すでに皇室内では、さまざまな前例なき試みに向かって、皇族方が動きだしている。秋篠宮ご一家は、新型コロナに関して何度も専門家とオンライン会談を重ねている。また、三笠宮家の彬子さまは7日、オンラインセミナーに参加され、九州の豪雨で被災した人たちに向けて、お見舞いの言葉を述べられた。

 

「すでに皇室の中でもオンライン交流は取り入れられているのです。今後はさらに“皇室の新様式”が進むことになると思います。陛下と雅子さまも、オンラインによる被災地へのお見舞い、国民にメッセージを送ることなどをお考えでしょう。直接会えない中でも、お気持ちでは『国民とふれあう』ことができるはずです。
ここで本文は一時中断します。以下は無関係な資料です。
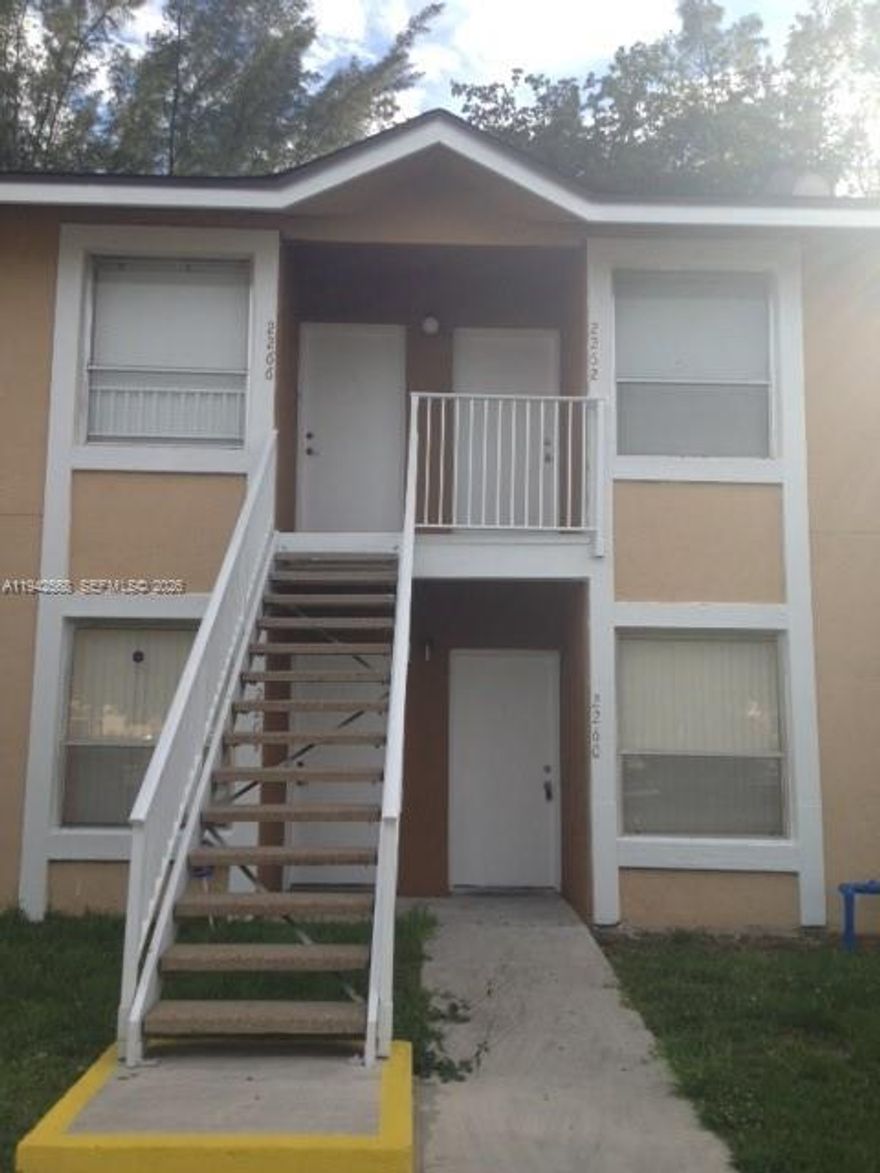 1BED 1 BATH, GROUND FLOOR UNIT, TILE AND CARPET FLOORS, KITCHEN TO PASS TROUGH TO DINING AREA, SCREENED PATIO WITH GARDEN VIEW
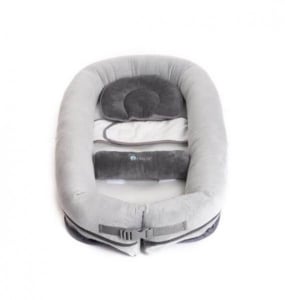 Accesorii bebe - Salteluta tip cuib pentru bebelusi Bo Jungle portabila si reglabila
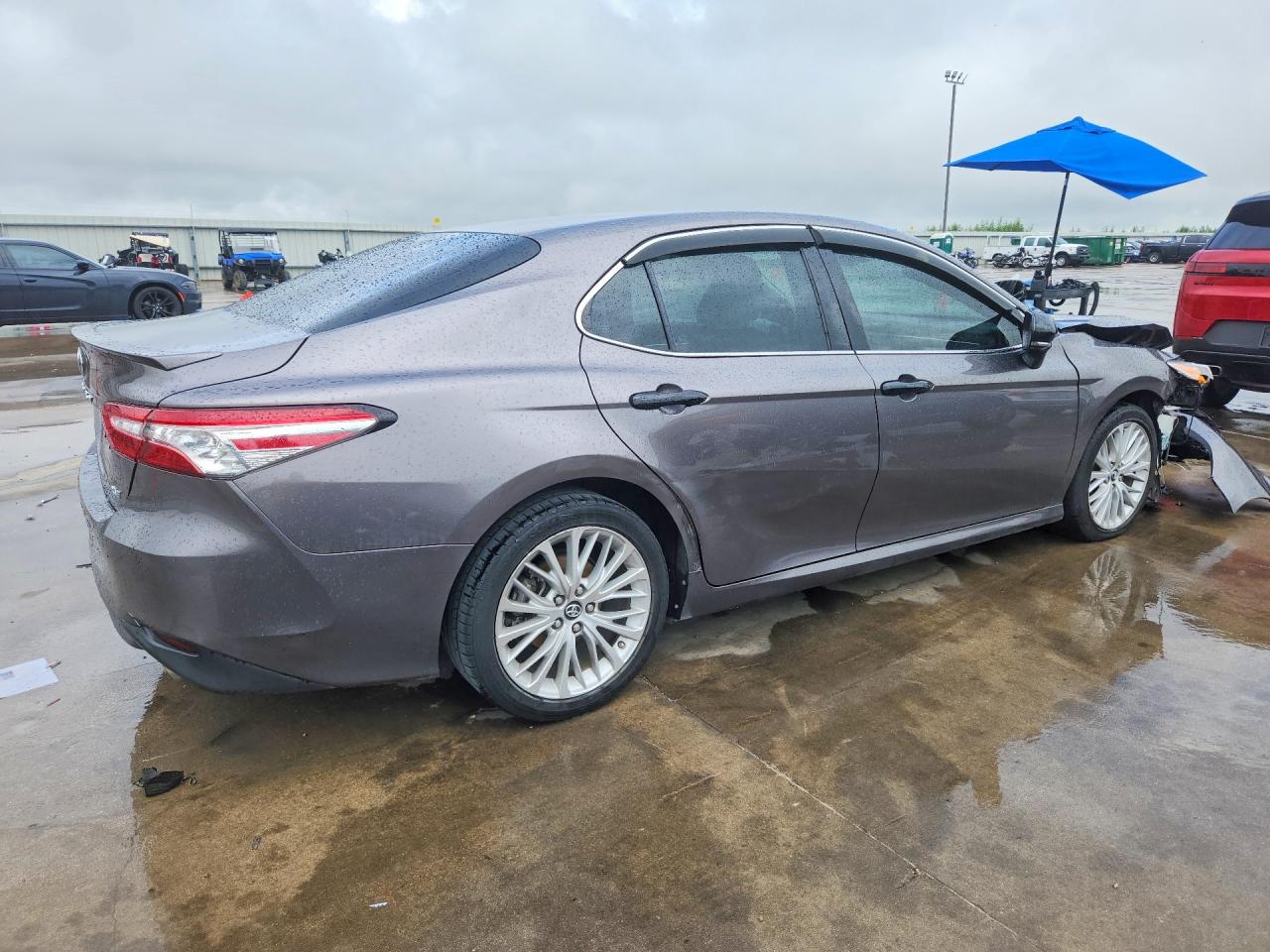 2018 TOYOTA CAMRY XLE — снимка 3
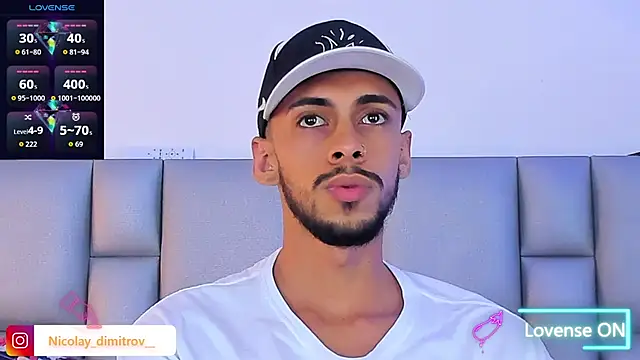 Snapshot of Sam_culhane chatting on 10-01-25, 03:56 Sam culhane online show from 10-01-25, 03:56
それが実現すれば、まさに時代を変える“宮中改革”になるのではないでしょうか」(前出・宮内庁関係者)

 

そして天皇陛下は「水問題」を専門とする研究者でもある。その研究活動をサポートしている尾田栄章さんはこう話す。

 

「陛下は水問題のエキスパートとして、利水や治水に関する高い知識と洞察力をお持ちです。それだけに、今回のように水害で苦しむ人々に寄り添われる気持ちは強いのだと思います」

 

日本が毎年のように記録的な豪雨に見舞われている今こそ、天皇陛下の「水」についての知見が生かされるとき。これまでにない情報発信が求められている。雅子さまは陛下とともに前例を打破し、国民と心を通わせる――。